Static Variable in Template Function Doesn't Seem Unique to Template Instance

Question

I'm trying to learn about memoization using C++ along with boost, and the C++11 spec. However I've run into a problem that I'm having trouble wrapping my head around. I'm following a tutorial here: Memoization in C and the tutorial says that you can generalize the memoization of recursive functions using a templates and lambda functions. The tutorial also lists recursive factorial and fibonacci functions to use with the template. However, the guide only uses the fibonacci function.

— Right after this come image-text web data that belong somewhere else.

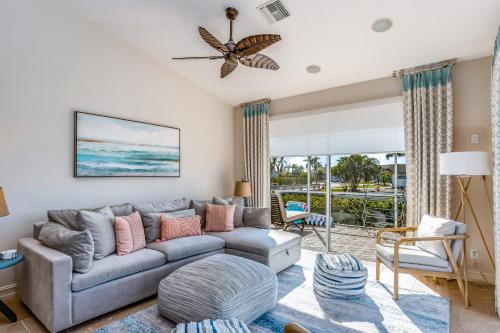a living room with a gray couch and a view of the ocean at Marco Paradise in Marco Island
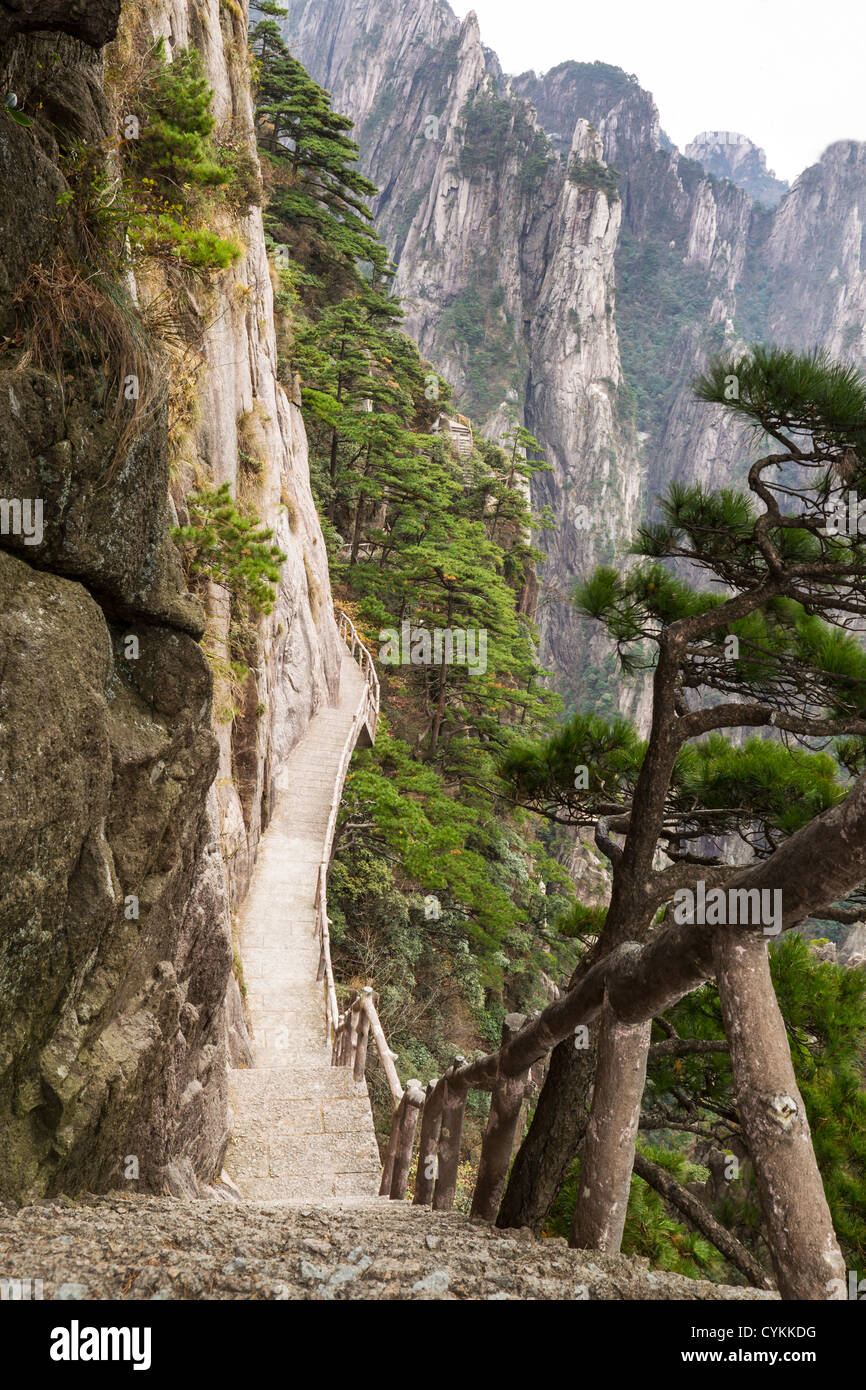 Very steep staircase into China's Yellow Mountain Pass Stock Photo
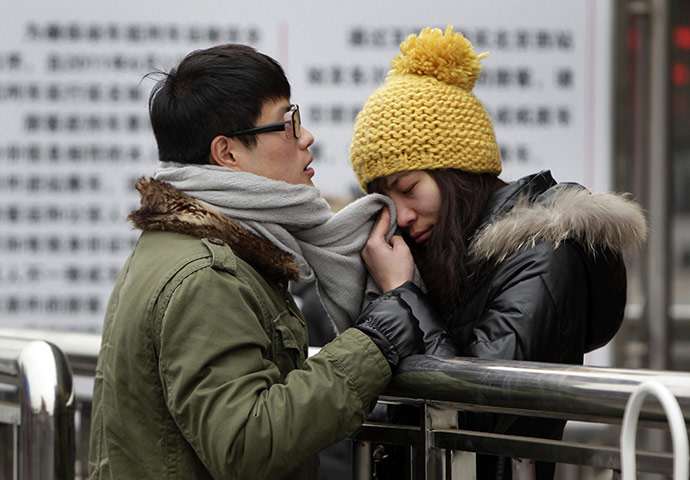 China Spring Festival: A woman wipes her tears with her partner's scarf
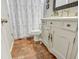 Quaint bathroom featuring brick flooring, vintage vanity, and a shower with a patterned curtain at 102 Rosebury Dr, Canton, GA 30115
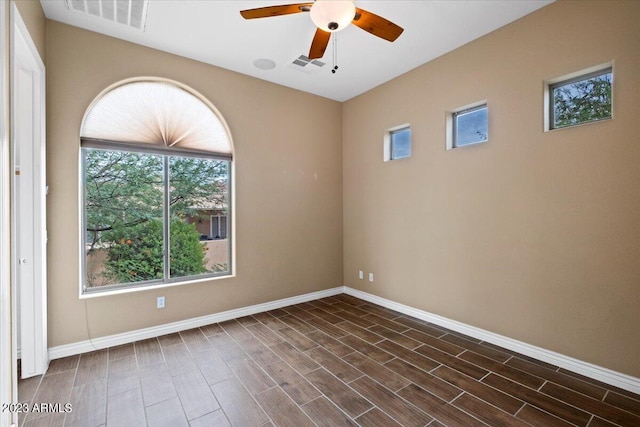 unfurnished room with dark hardwood / wood-style flooring and ceiling fan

I wrote a test program to see how this all worked and make both a memoized fibonacci AND factorial function in the same run. Thing is, the memoization template uses a static map to store cached values and it seems like the map isn't unique to each instance of the memoized functions. Is this expected? What should I do to make the map unique to each template instance? Before I started using C++11 features, I had tried to create a template class that accepted a boost function to encapsulate this process. Would the static map be unique in a template class instead?

Main Logic for Creating Memoized Functions

// Template function to create memoized versions of recursive lambda functions
template<typename inType, typename outType>
std::function<outType(inType) > memoize(std::function<outType(inType) > foo) {
   return [foo](inType n) {
      static std::map<inType, outType> memo;

      outType ret;
      if (memo.count(n) > 0) {
         cout << "Cache Hit" << endl;
         ret = memo[n];
         return ret;
      }
      ret = foo(n);
      memo[n] = ret;
      return ret;
   };
}

// Recursive lambda fibonacci function
std::function<int(int) > fibonacci_r = [](int n) {
   if (n <= 1) {
      return n;
   } else {
      return fibonacci_r(n - 1) + fibonacci_r(n - 2);
   }
};

// Recursive lambda factorial function
std::function<int(int) > factorial_r = [](int n) {
   if (n == 0) {
      return 1;
   } else {
      return n * factorial_r(n - 1);
   }
};

Logic For Testing Memoized Functions

int position = 7;
cout << "Fibonacci:" << endl;
cout << "Non Memo Fibonacci" << endl;
cout << position << "-> " << fibonacci_r(position) << endl;
cout << "Memo Fibonacci" << endl;
fibonacci_r = memoize(fibonacci_r);
cout << position << " -> " << fibonacci_r(position) << endl;

cout << endl;

cout << "Non Memo Factorial" << endl;
cout << position << " -> " << factorial_r(position) << endl;
cout << "Memo Factorial" << endl;
factorial_r = memoize(factorial_r);
cout << position << " -> " << factorial_r(position) << endl;

Output

Fibonacci:
Non Memo Fibonacci
7-> 13
Memo Fibonacci
Cache Hit
Cache Hit
Cache Hit
Cache Hit
Cache Hit
7 -> 13

Non Memo Factorial
7 -> 5040
Memo Factorial
Cache Hit
7 -> 13

At the tail end of the output you can see that the Memo factorial has a cache hit. However, I don't think it should have only 1 cache hit. Either way, 7! isn't 13 and 13 is the cache value for 7 under the fibonacci memo lambda.

Answer 1

When you write

...it seems like the map isn't unique to each instance of the memoized functions. Is this expected?

you seem to forget that the instance wrt to static variables is based on the types, not on the value of the parameters. The type std::function<outType(inType)> is the same in both cases. Obviously, when there is only one instance you also have only one static map.

---

A partial solution could be this:

template<typename inType, typename outType>
std::function<outType(inType) > memoize(std::function<outType(inType) > foo) {
   static int i = 0;
   ++i;
   return [foo](inType n) {
      static std::map<int, std::map<inType, outType>> memo;
      auto& m = memo[i];
      outType ret;
      if (m.count(n) > 0) {
         cout << "Cache Hit" << endl;
         ret = m[n];
         return ret;
      }
      ret = foo(n);
      m[n] = ret;
      return ret;
   };
}

But note that now each call will generate its own independent map. If you do:

auto f1 = memoize(factorial_r);
auto f2 = memoize(factorial_r);

then f1 and f2 will not share the same map. This also means that if you do this very often, you might end up using a lot of memory.